* What to work on
All that is asked is a faithful reproduction of the entries.

* Data provided

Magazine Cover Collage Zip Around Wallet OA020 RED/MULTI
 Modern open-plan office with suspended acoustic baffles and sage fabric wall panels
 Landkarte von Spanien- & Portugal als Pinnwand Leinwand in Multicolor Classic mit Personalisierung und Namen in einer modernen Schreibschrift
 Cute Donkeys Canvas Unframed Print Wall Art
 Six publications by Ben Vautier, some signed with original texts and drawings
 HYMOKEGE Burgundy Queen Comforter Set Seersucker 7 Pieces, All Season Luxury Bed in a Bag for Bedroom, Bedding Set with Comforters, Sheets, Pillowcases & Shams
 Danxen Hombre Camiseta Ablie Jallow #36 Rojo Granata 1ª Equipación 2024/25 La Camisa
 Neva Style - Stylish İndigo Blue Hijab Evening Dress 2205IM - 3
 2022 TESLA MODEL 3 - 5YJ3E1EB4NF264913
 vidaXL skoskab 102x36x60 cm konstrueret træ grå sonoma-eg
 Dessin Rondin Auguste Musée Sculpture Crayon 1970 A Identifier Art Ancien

* Result below
Magazine Cover Collage Zip Around Wallet OA020 RED/MULTI
 Modern open-plan office with suspended acoustic baffles and sage fabric wall panels
 Landkarte von Spanien- & Portugal als Pinnwand Leinwand in Multicolor Classic mit Personalisierung und Namen in einer modernen Schreibschrift
 Cute Donkeys Canvas Unframed Print Wall Art
 Six publications by Ben Vautier, some signed with original texts and drawings
 HYMOKEGE Burgundy Queen Comforter Set Seersucker 7 Pieces, All Season Luxury Bed in a Bag for Bedroom, Bedding Set with Comforters, Sheets, Pillowcases & Shams
 Danxen Hombre Camiseta Ablie Jallow #36 Rojo Granata 1ª Equipación 2024/25 La Camisa
 Neva Style - Stylish İndigo Blue Hijab Evening Dress 2205IM - 3
 2022 TESLA MODEL 3 - 5YJ3E1EB4NF264913
 vidaXL skoskab 102x36x60 cm konstrueret træ grå sonoma-eg
 Dessin Rondin Auguste Musée Sculpture Crayon 1970 A Identifier Art Ancien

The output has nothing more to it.